• _DATA FOR PROCESSING_
########################################

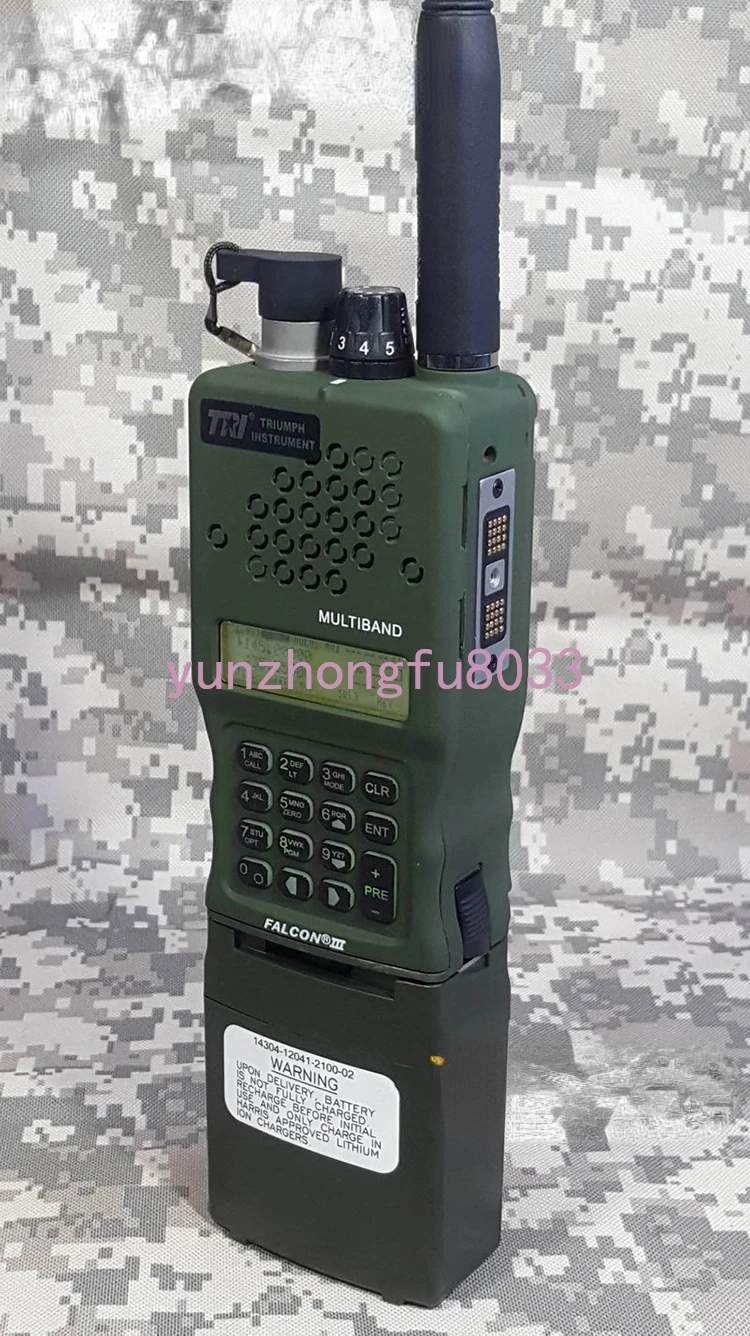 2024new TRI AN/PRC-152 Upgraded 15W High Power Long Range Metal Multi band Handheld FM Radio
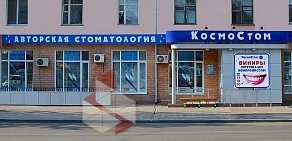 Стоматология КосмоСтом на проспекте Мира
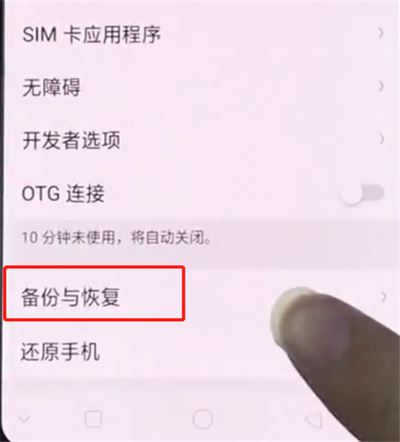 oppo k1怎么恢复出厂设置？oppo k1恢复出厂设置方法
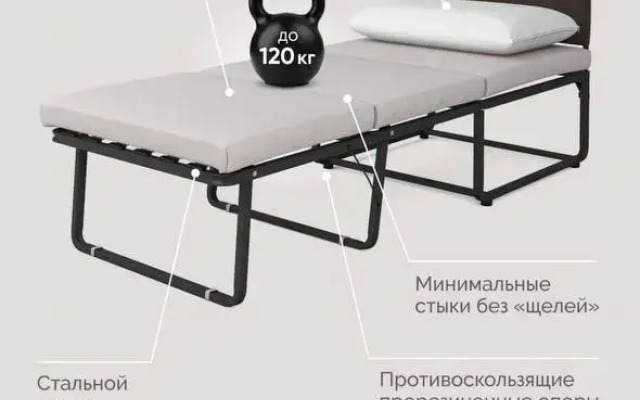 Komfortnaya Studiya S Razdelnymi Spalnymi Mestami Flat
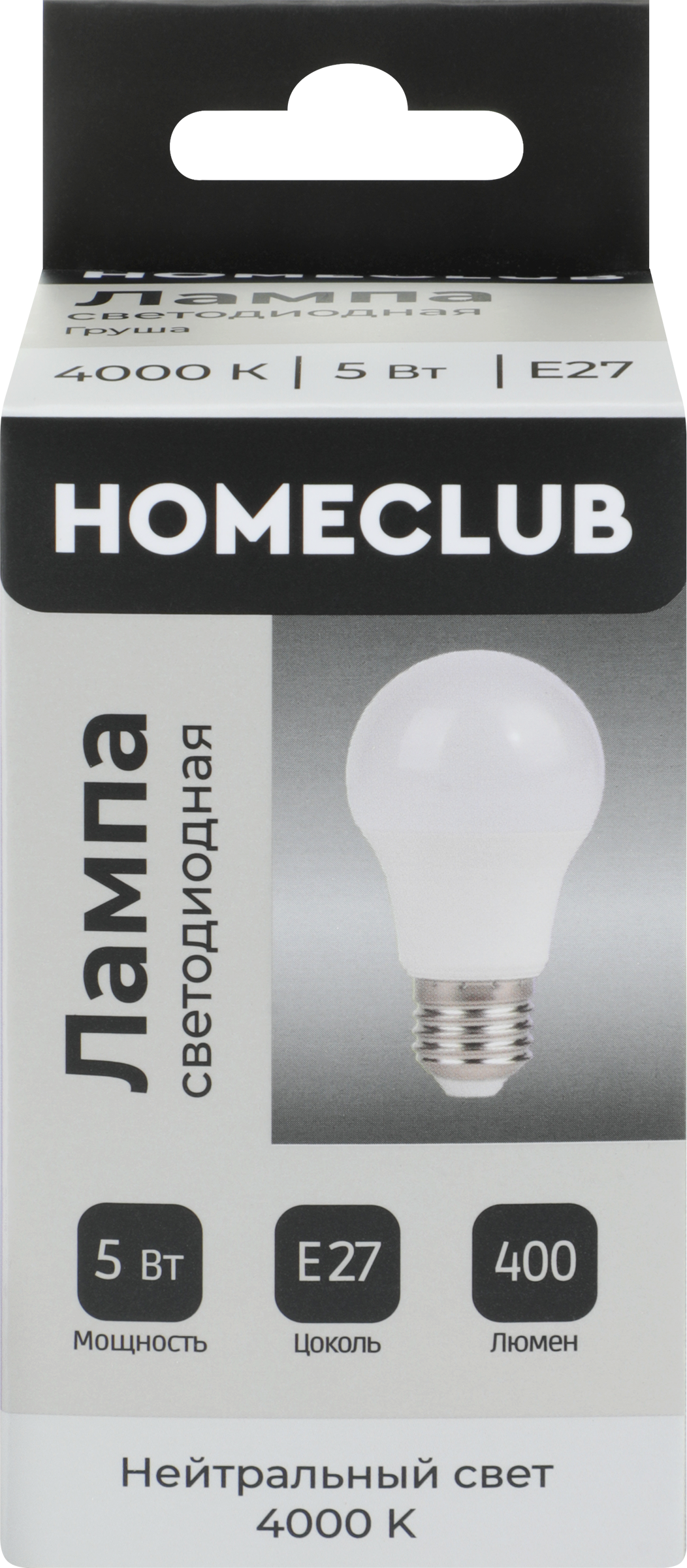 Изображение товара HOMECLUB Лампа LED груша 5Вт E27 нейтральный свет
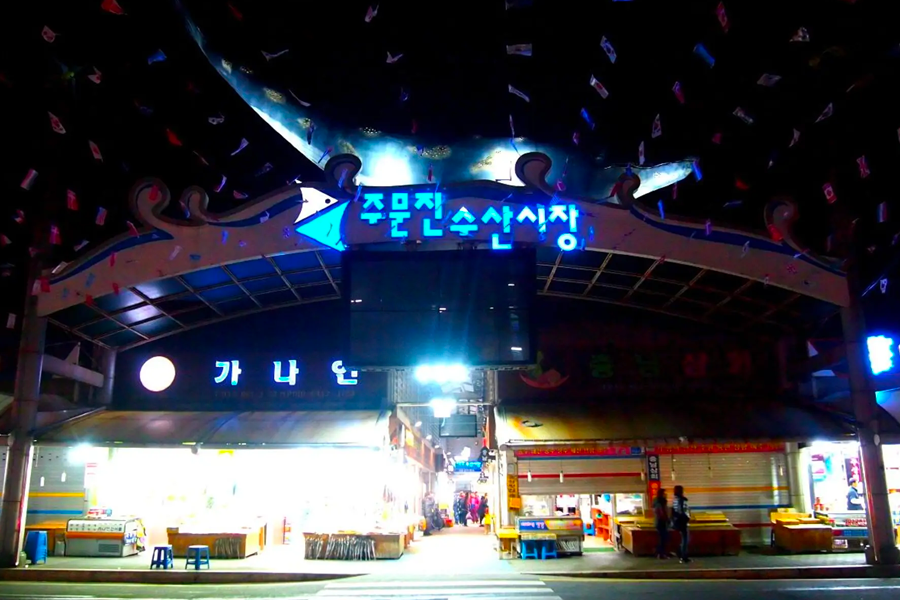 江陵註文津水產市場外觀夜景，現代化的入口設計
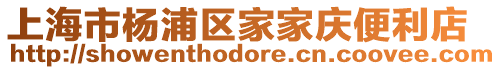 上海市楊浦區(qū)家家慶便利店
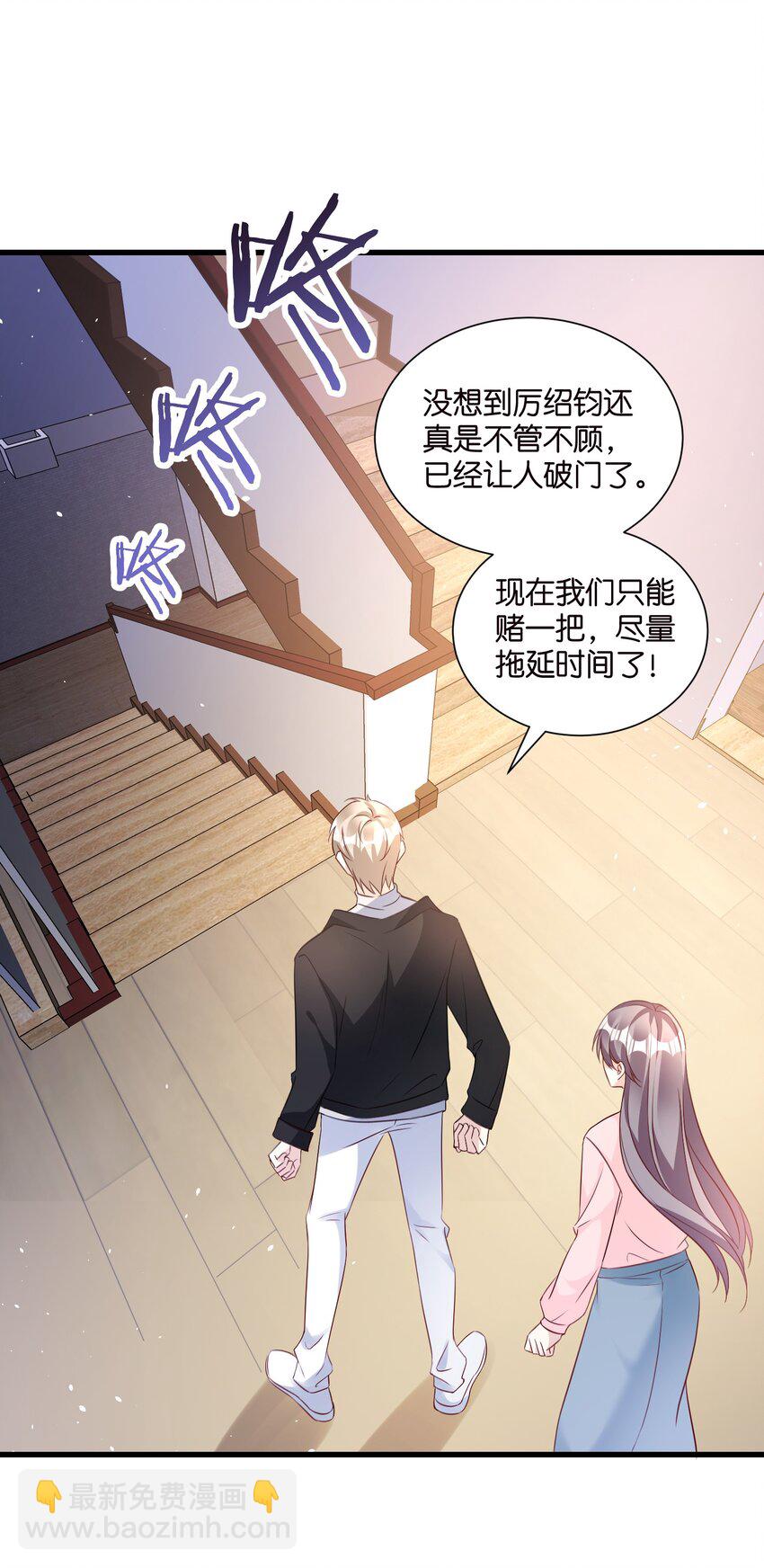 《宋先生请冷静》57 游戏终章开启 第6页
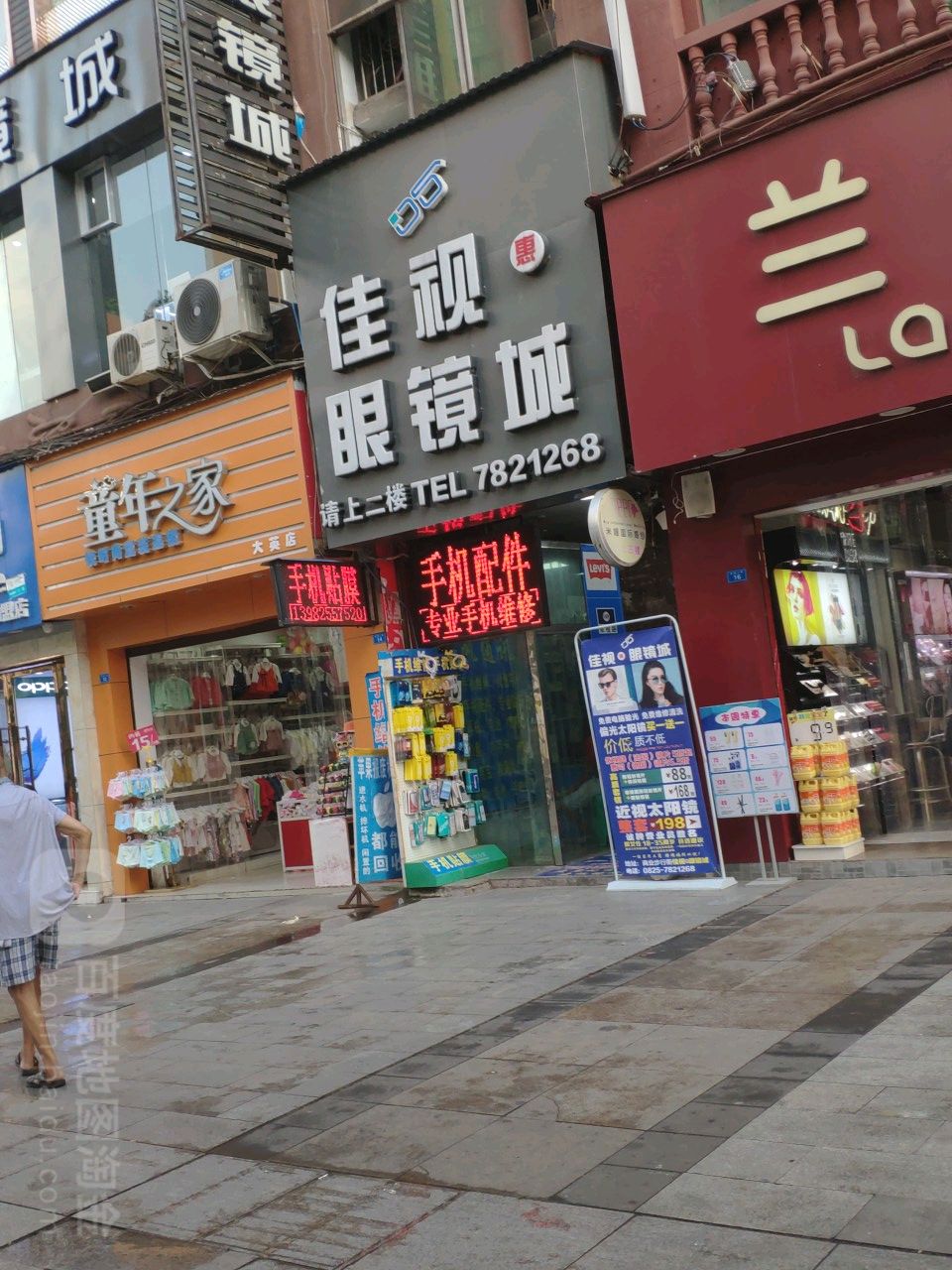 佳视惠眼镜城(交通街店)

########################################

• _TO DO_
If pictures appear among the entries above, omit them; repeat everything else verbatim.

• _ANSWER SPACE_
 2024new TRI AN/PRC-152 Upgraded 15W High Power Long Range Metal Multi band Handheld FM Radio
 Стоматология КосмоСтом на проспекте Мира
 oppo k1怎么恢复出厂设置？oppo k1恢复出厂设置方法
 Komfortnaya Studiya S Razdelnymi Spalnymi Mestami Flat
 Изображение товара HOMECLUB Лампа LED груша 5Вт E27 нейтральный свет
 江陵註文津水產市場外觀夜景，現代化的入口設計
 上海市楊浦區(qū)家家慶便利店
 《宋先生请冷静》57 游戏终章开启 第6页
 佳视惠眼镜城(交通街店)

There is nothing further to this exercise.